The minimum scope for an event like this is 10:1. Naturally, this limits how deep you can do this in by how much chain you have. If you carry 300 feet of chain, then you can only do this in 30 feet of effective depth. This means that the height from the bow roller to the bottom is only 30 feet. If you have a 10 foot high bow roller from the waters surface, then you can only reach 10:1 scope in 20 feet of water! 

After you let out all of that chain, you then want to reduce the amount of shock load that the system will encounter. Chain is great for anchoring because it is heavy and the weight of the chain will form a nice catenary curve leading to the anchor. This means that the chain closest to the anchor will be horizontal and the pull on the anchor will be horizontal along the seabed.
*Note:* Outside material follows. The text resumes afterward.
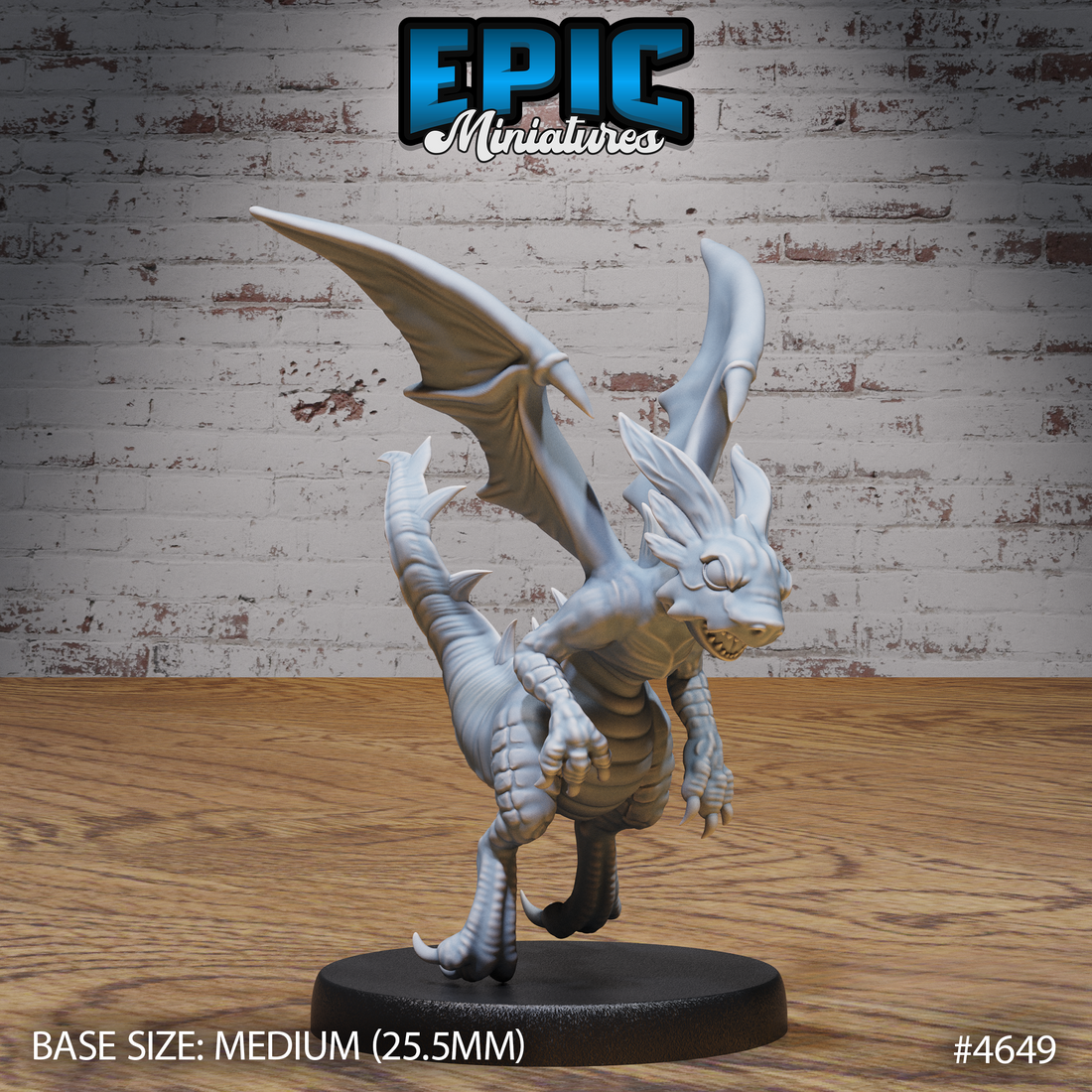 Light Dragon Wyrmlings (Faith Defender) by Epic Miniatures 3D Printed DnD Pathfinder Tabletop Resin Miniatures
This reduces the risk of pulling the anchor up out of the substrate. 

Wind gusts will push your yacht back and waves will cause the bow to rise and fall. All of these movements will tighten the chain and snap on your ground tackle. To dampen these effects, we need to introduce some elasticity to the equation. 

You will want to use a very strong piece of 3-Strand nylon rope, as it will offer the most stretch available with the strength required. This line, called a snubber, will be tied to the chain itself and led to a cleat. More chain will be let out and the snubber will begin taking the load. I like to let even more chain out, causing it to drop straight down from the bow, letting me know that if the snubber stretches a lot, the chain will never come into tension. This will dampen any shock loads on the chain and anchor, leading to a much more secure anchoring. 

Now, to make sure the anchor is set well, you will want to drop it in a different from normal fashion. In cases like this, we will sail into the anchorage under full sail and drop the anchor while moving at speed and in the direction that the winds are predicted to be coming. 

If you are in the storm and sailing into the harbor of choice during the storm, then you already know which direction the winds are going to be blowing, and you can do this maneuver on a run. When the eye of Hurricane Jose was passing 20 miles East of us, we sailed into the anchorage on a run and under storm sails. The effective depth was 20 feet, so I only needed to drop 200 feet of chain for 10:1 scope. As we were sailing along, Maddie gave the signal that we were in the right place and I dropped our anchor with 100 feet of chain (5:1 scope). The anchor dug into the bottom as we moved over at around 4 knots and brought the yacht to an abrupt halt. The bow stopped and the stern swung around rapidly as it was still carrying all of that momentum. This let me know that the anchor was set and well buried, as it did not drag under those extreme conditions.

I then let out an additional 140 feet of chain, bringing our scope to 12:1. I let that sit for about an hour, making sure that the anchor was not going to drag. When we were certain of its holding, we then added the snubber to the equation. 

Should the anchor begin to drag, all we need to do is untie the snubber and let out more chain until it stops dragging. Then we can tie a second snubber (which is kept on the bow as well) to the chain to hold us, should we need it. 

Anchoring for a severe storm is a critical skill to have and should be practiced enough that you feel confident in carrying out the task when the moment arises.

Hurricane Hole

As Hurricane Jose passes by us in the Chesapeake Bay, we need to find ourselves a safe anchorage. The hurricane is passing by offshore, but the effects of its massive low pressure system can be felt for miles!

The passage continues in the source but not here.